I’m sorry to hear that you were feeling down yesterday. How are you feeling today? My last consultation with my oncologist was a video conferencing call. It was nice not having to attend the Macmillan unit, but it’s not the same as face to face, is it?

Your flowers are beautiful. I hope they helped to cheer you up.

Sophie

Hi Sophie. I’m fine now. There’s always a blip day in the cycle.

Face to face is much better although I realise the hospital is taking precautions. I just felt it was a waste of time. If you have a problem its so hard to contact anyone as well.

I have Osteonocrosis and had a tooth extracted July last year. I have a small piece of jaw bone that has pierced my gum again. I’ve been waiting 4 months for an emergency appointment. I saw my dentist Tuesday and she has chased up the Consultant but they are busy. So annoying for me and them.

Oh well. Another day begins and I’m feeling fine.

Have a good one.

Cheryl

in reply to

Hi Cheryl,

I’m glad you are feeling better.

My next consultation with my oncologist in November will be another video conferencing call.

I would keep chasing. An emergency appointment shouldn’t still be pending after four months. I would call again on Monday and keep calling until something is done. This is totally unacceptable. What really gets me is how everything else seems to have taken a backseat to Covid-19. But we still need to be seen and treated, as do other people in need of medical care.

Sophie

in reply to

That’s so right Sophie. We feel forgotten to an extent.

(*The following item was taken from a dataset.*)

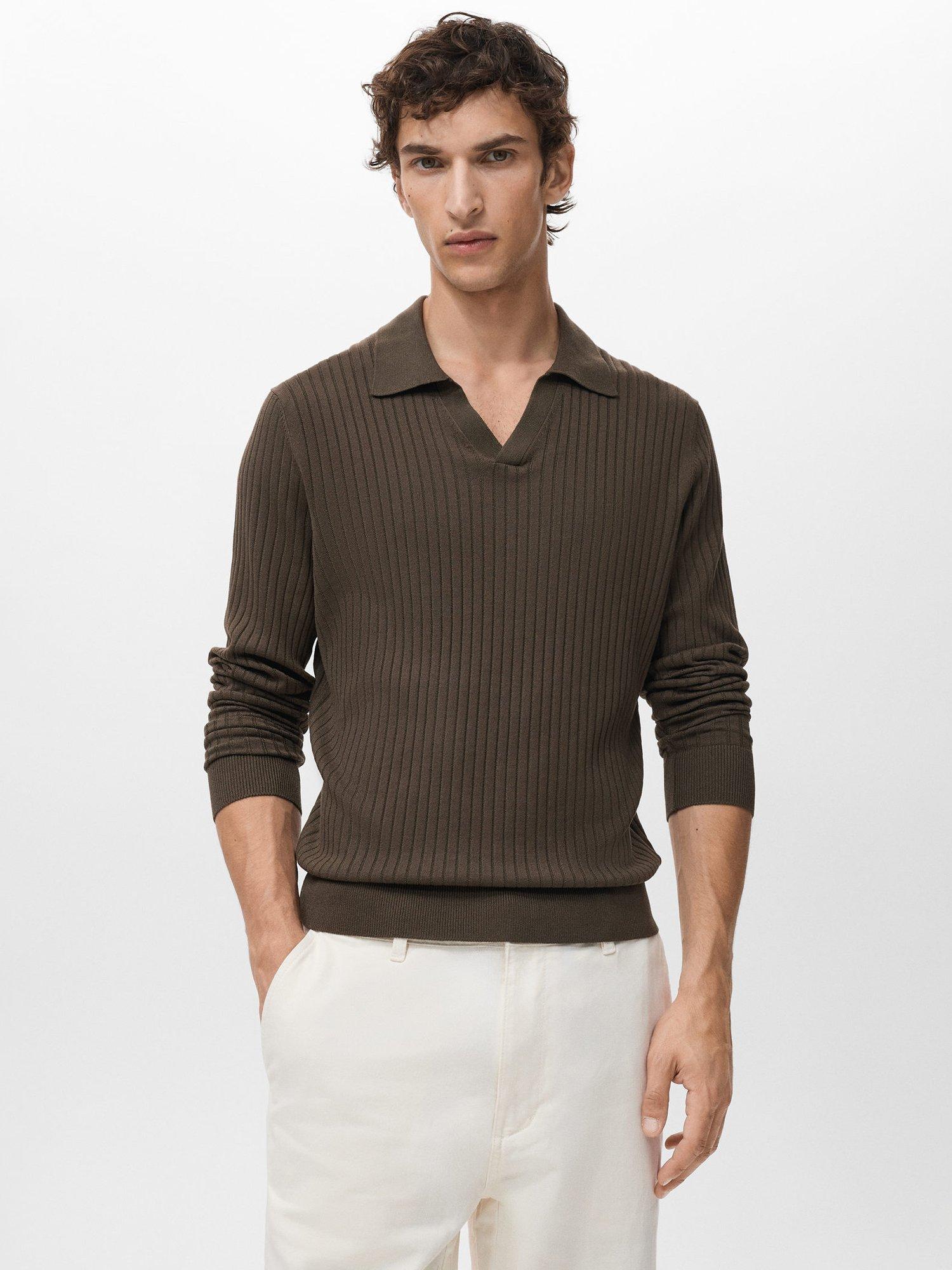 Product image 1 of 8, which shows Mango Taurus Buttonless Long Sleeve Polo Shirt, Brown, M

Everything is done via email. The Dentist tried all other surrounding hospitals and they had blocked the email facility. She actually phoned the Facial/Cranial Secretary and that was the answer “the Consultant is working through his list of patients and that I am on the emergency list”. Even the Dentist is annoyed. She said I shouldn’t have been discharged and there should have been a follow up. Covid is now the new excuse.

Your appointment with the Oncologist is a long way off as well. My husband said in some ways it’s good because they are not overly concerned. I would like to think that.

I’m still feeling washed out today. I just don’t get it. It started the day after my last Ibrance on Tuesday. I should be feeling good not washed out. I will be having my blood taken Tuesday so maybe that will show up something.

Have a good weekend and talk soon

Cheryl

in reply to

Hi Cheryl,

Covid is used as an excuse for everything now. My brother's adult day service has only recently started back up again with a limited service. My dad or I have to drop him off or take him in, as the taxi service is not allowed to start up yet. But the funny thing is the taxi can take him to his respite service. So why not take him to his day centre too? It doesn't make sense.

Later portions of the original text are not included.